ACTIVITY —
Begin at the top of the records below and print each line exactly until the line containing "Figure. Syncopation disabled" has been printed; any pictures are to be left out.

EXTRACTED MATERIAL —
◇ ◇ ◇

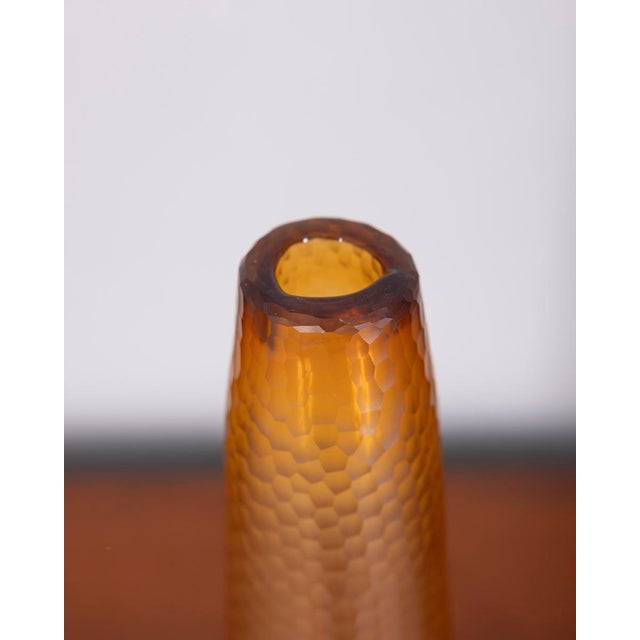 1950s Large Vintage Hammered Murano Glass Vase by Carlo Scarpa for Venini, 1950s For Sale - Image 5 of 8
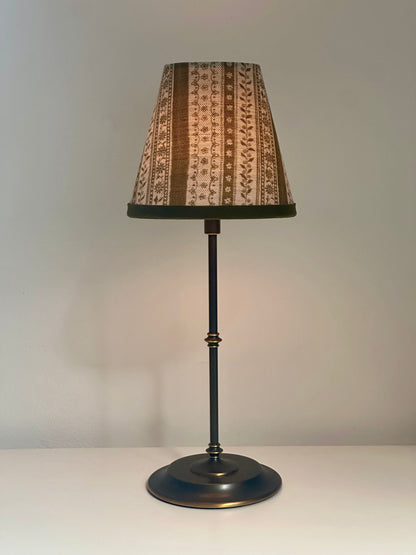 CANDLE CLIP LAMPSHADE WITH TRIM ~ DAISY CHAIN MOSS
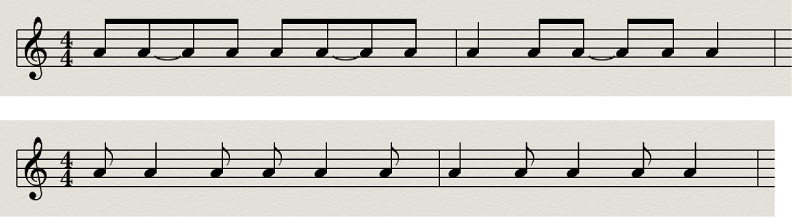 Figure. Syncopation disabled and enabled in the Score Editor.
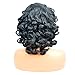 Yviann Fluffy Wavy Black Synthetic Hair Wig Short Curly Wigs Natural Looking Halloween Costume Wigs for Black Women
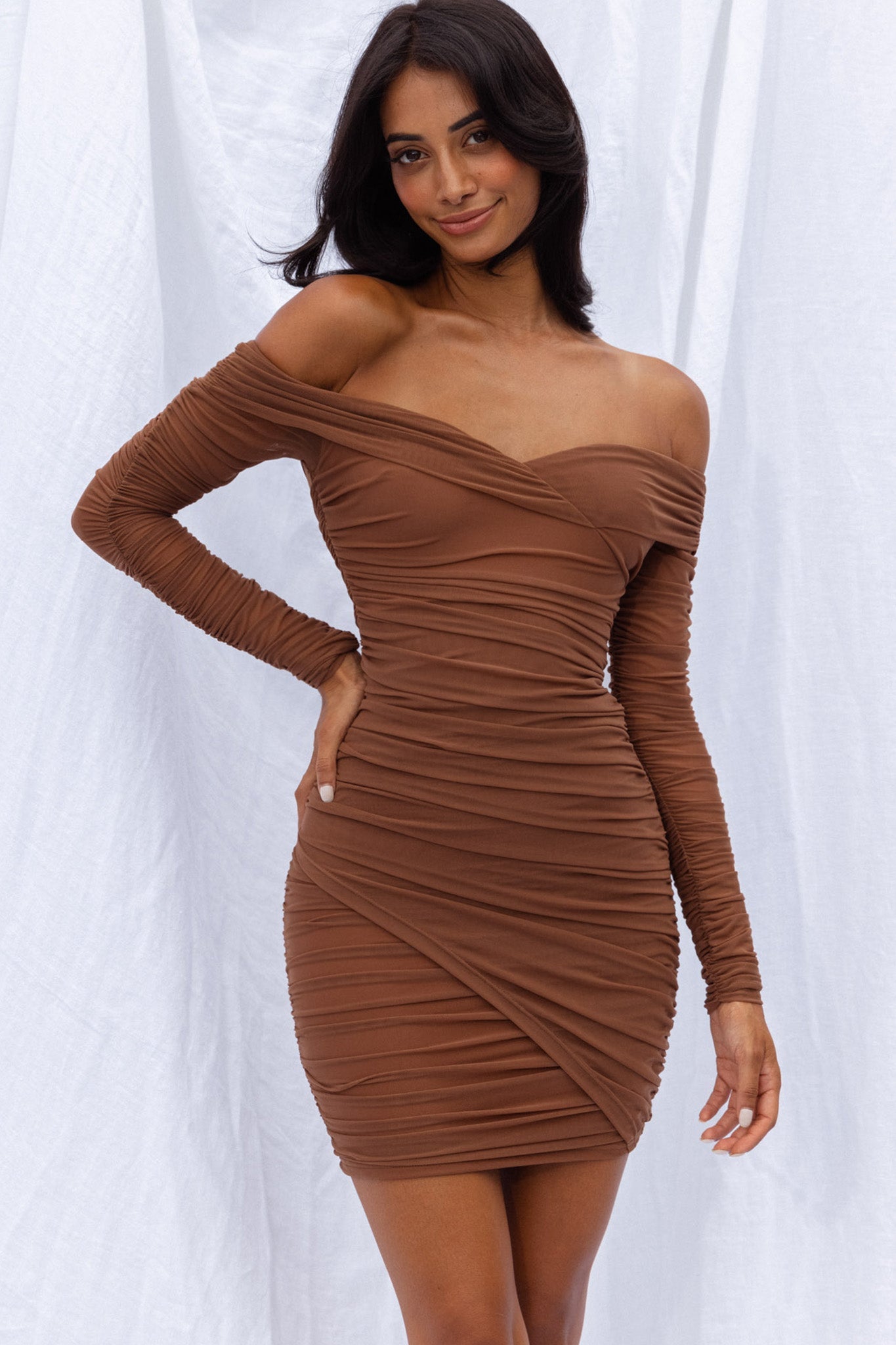 Moonrise Off-Shoulder Crossover Neckline Long Sleeve Ruched Dress Chocolate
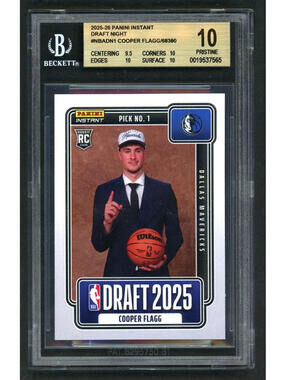 2025-26 Panini Instant #NBADN-1 Cooper Flagg Dallas Rookie (RC) BGS 10 Pristine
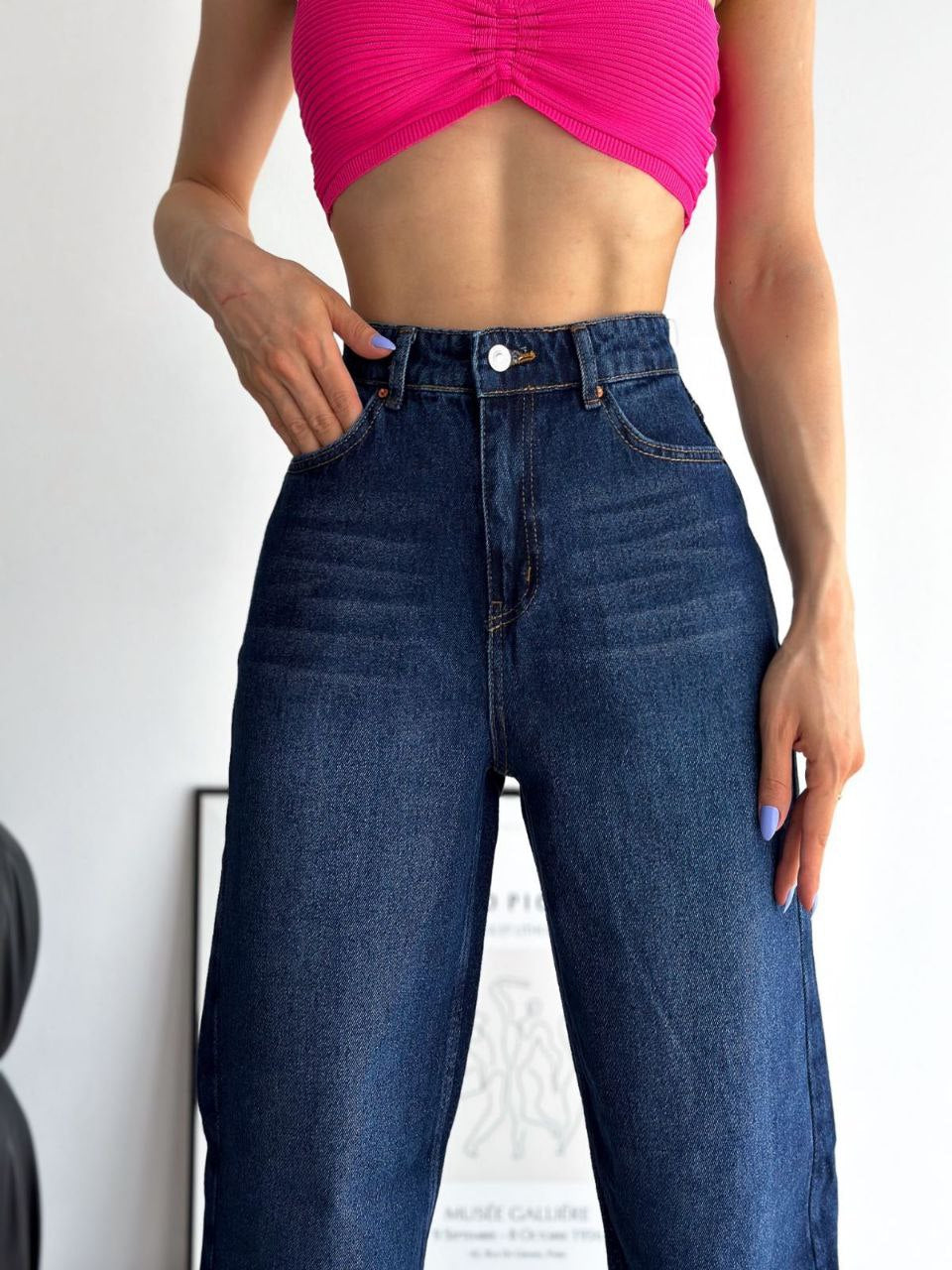 Dark Blue Straight Leg Jeans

◇ ◇ ◇

SOLUTION FOR THIS TASK —
 1950s Large Vintage Hammered Murano Glass Vase by Carlo Scarpa for Venini, 1950s For Sale - Image 5 of 8
 CANDLE CLIP LAMPSHADE WITH TRIM ~ DAISY CHAIN MOSS
 Figure. Syncopation disabled and enabled in the Score Editor.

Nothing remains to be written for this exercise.